J’ai apprécié retrouvé ce duo auteur/illustratrice dont je retrouve la même fantaisie graphique et humour, cela m’ayant souvent fait penser à leur trilogie postérieure, Miss Charity adaptant le roman éponyme de Marie-Aude Murail (dont j’attends la parution du tome 3 – peut-être cette année?). Certes, l’histoire est déjà vue et revue mais cette fois sous forme graphique et qui rappelle tant d’autres comédies romantiques feel good où l’héroïne quitte tout pour redémarrer une nouvelle vie comme La Petite boulangerie du bout du monde de Jenny Colgan (éd. Prisma, 2016, 506 pages), À la lumière du petit matin d’Agnès Martin-Lugand (éd. Michel Lafon, mars 2018, 312 pages) ou bien encore L’irrésistible histoire du Café Myrtille de Mary Simses (éd. NiL, juin 2018, 422 pages)… On y retrouve donc tous les codes et les rebondissements cousus de fils blancs de la comédie romantique. 

Mais cela est rattrapé par la mise en page pleine de pep’s et les scénettes ouvrant chaque chapitre au nom d’une pâtisserie et mettant en scène les chats bien rigolos du village. Les bulles se concentrent surtout sur les interactions entre les trois personnages principaux au tempérament bien différent: l’indécise jeune femme, le gentil instituteur et ancien amour de jeunesse et sa tante râleuse et qui ne parle plus. Les illustrations aux couleurs pastels renforcent la douceur et la mignonnerie de ce changement de vie. Certains passages sont en sépia lorsqu’il est question de son passé et de son père. Un bon moment de lecture légère, feel good et très très gourmande! 

J’ai également tenté, plus récemment, la romance historique sous format graphique mais qui ne m’avait pas du tout plu tant c’était fade et sans aucune originalité: Disgrâce de Sarah Vaughn, Sarah Winifred Searle et Niki Smith (éd. Rue de Sèvres, octobre 2024, 336 pages), un roman graphique avec le mariage arrangé entre Catherine Benson dont la réputation est perdue et Andrew Davener dont le domaine familial est en ruines. J’en reparlerai sans doute une autre fois.

La BD de la semaine chez Moka pour cette semaine

Challenge Petit Bac 2026 d’Enna #1 Catégorie Passage du temps: « Jours »

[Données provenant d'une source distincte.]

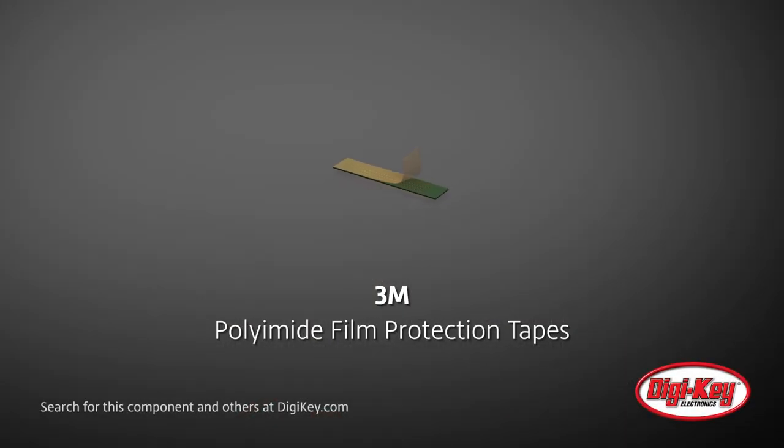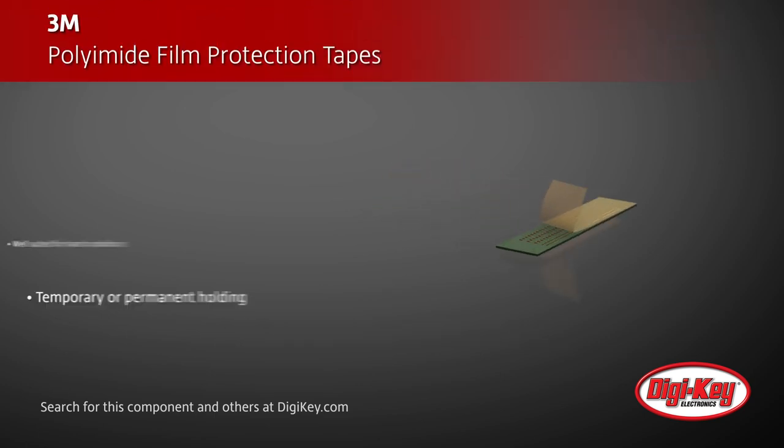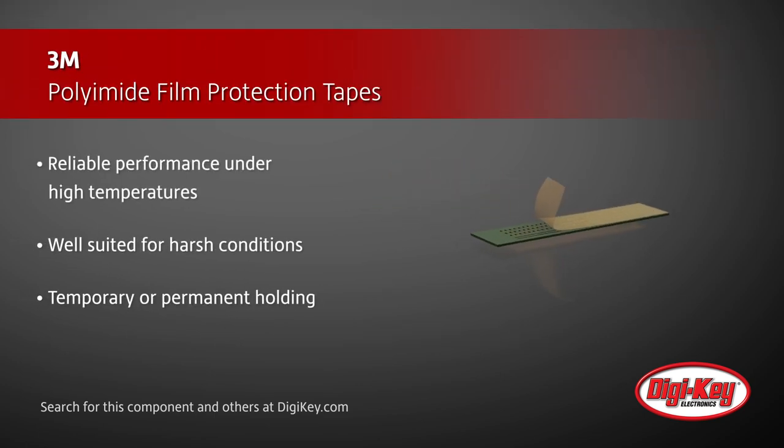3M offers their series of polyamide film protection tapes, which are engineered to provide reliable performance under high temperatures and other harsh environmental conditions. These tapes can be used for temporary or permanent holding, and are well suited for a variety of applications, including solder masking, dielectric insulation,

Au fil des pages avec La danse du temps

J’ai lu La danse du temps d’Anne Tyler (éd. Phébus, avril 2019, 272 pages), un roman contemporain se déroulant à quatre moments-clés de la vie de Willa Drake, à 11 ans en 1967 (après une nouvelle dispute entre sa mère et son père), à 21 ans en 1977 (abandonnant ses études pour se marier), à 41 ans en 1997 (au décès de son premier époux lors d’un accident de la route) puis à 61 ans, en 2017 (ayant refait sa vie, auprès de son second époux, un avocat golfeur à la retraite). Lorsqu’elle reçoit un appel téléphonique de la voisine de Denise, l’ex-petite amie de son fils aîné, Sean, lui annonçant, par erreur, que sa petite-fille de 9 ans, Cheryl, a besoin d’elle le temps que la jeune femme soit hospitalisée après avoir reçu une balle à la jambe, Willa décide immédiatement de quitter sa vie confortable et monotone à Phoenix, en Arizona et de s’occuper de la fillette, à Baltimore, dans le Maryland, le temps de la guérison de Denise. Même si son attitude déconcerte son second mari, Peter qui vient avec elle, n’est-il jamais trop tard pour choisir sa vie?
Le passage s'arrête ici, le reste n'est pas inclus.